◆ **Collected data**
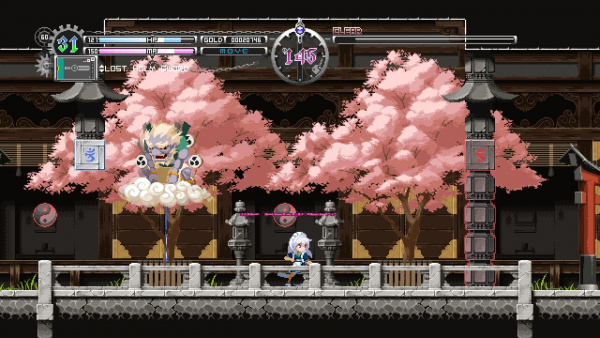 Touhou Luna Nights - 5-year Anniversary Edition [PS5, английская версия] - интернет-магазин GameShock г. Челябинск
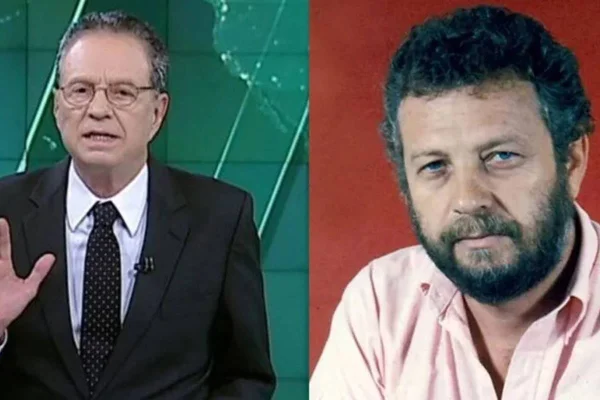 Montagem com foto coloridas de Hermano Henning - Metrópoles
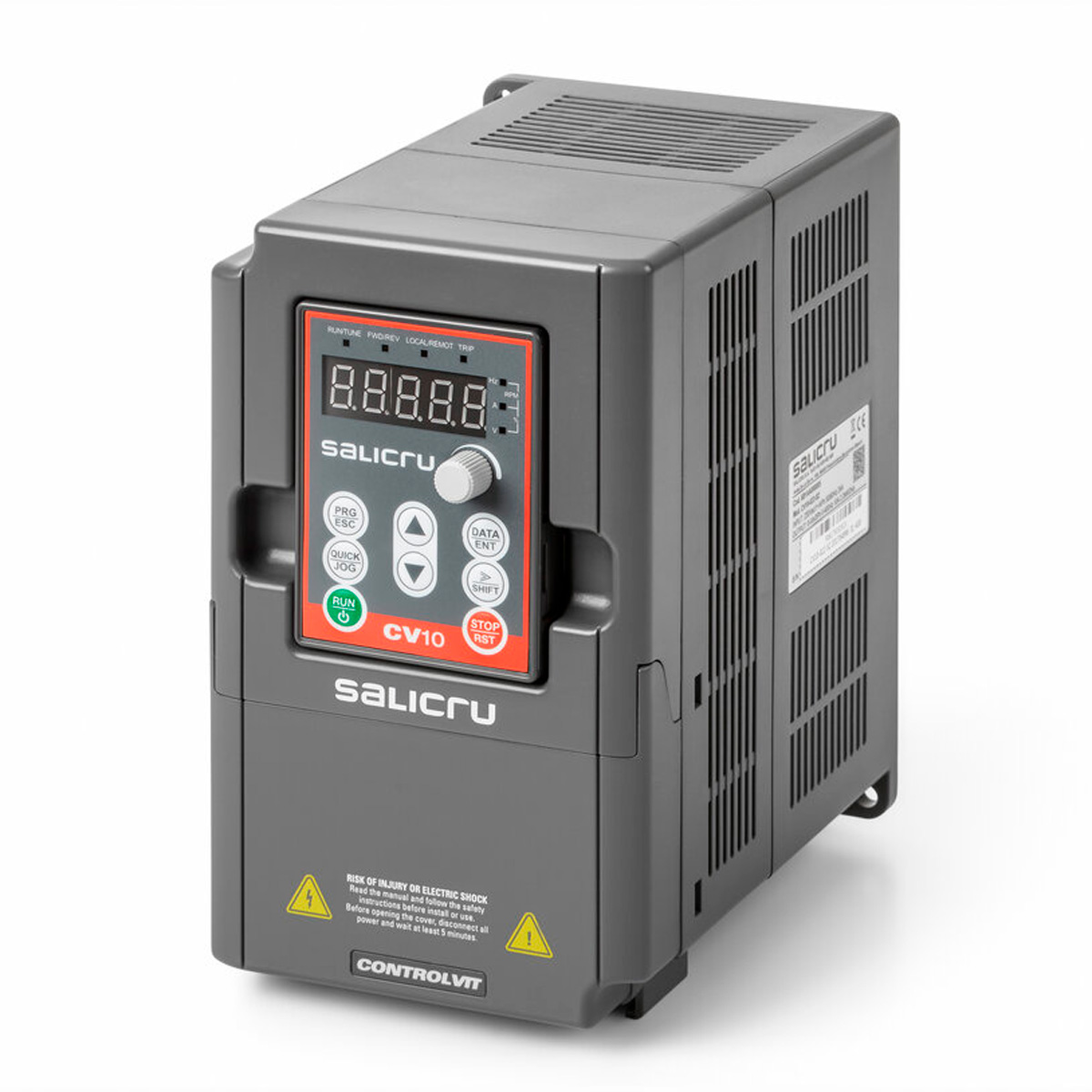 Variador de frecuencia Salicru de 2.2 kVA CV10-022-S2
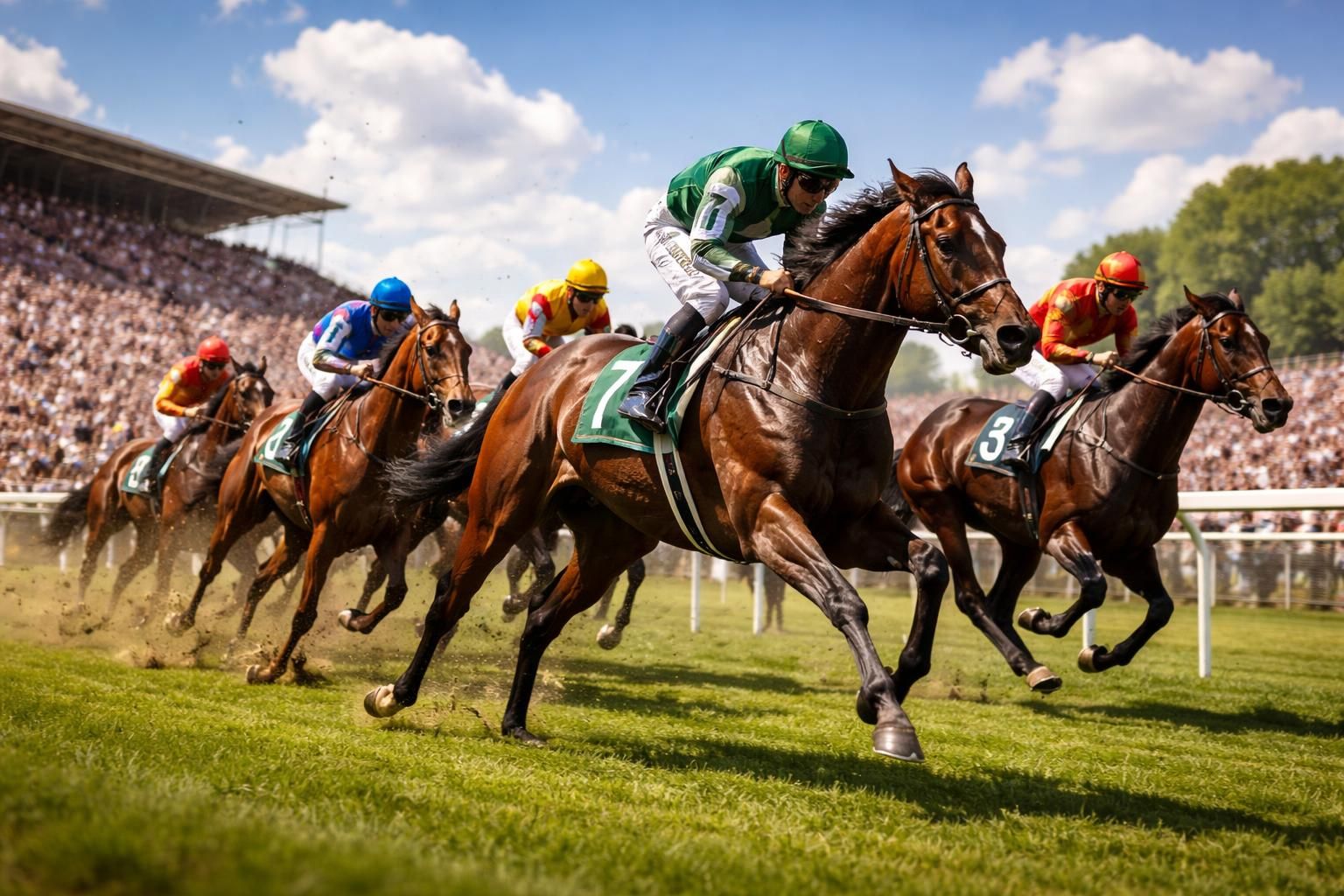 découvrez une analyse approfondie des chevaux de base du tiercé d'hier et leur influence sur les paris et performances à venir.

◆ **What to do**
Beginning with the line that contains "Variador de frecuencia" in the data above, please copy each line exactly until the last line, both ends included, skipping any pictures.

◆ **Reply to the exercise**
 Variador de frecuencia Salicru de 2.2 kVA CV10-022-S2
 découvrez une analyse approfondie des chevaux de base du tiercé d'hier et leur influence sur les paris et performances à venir.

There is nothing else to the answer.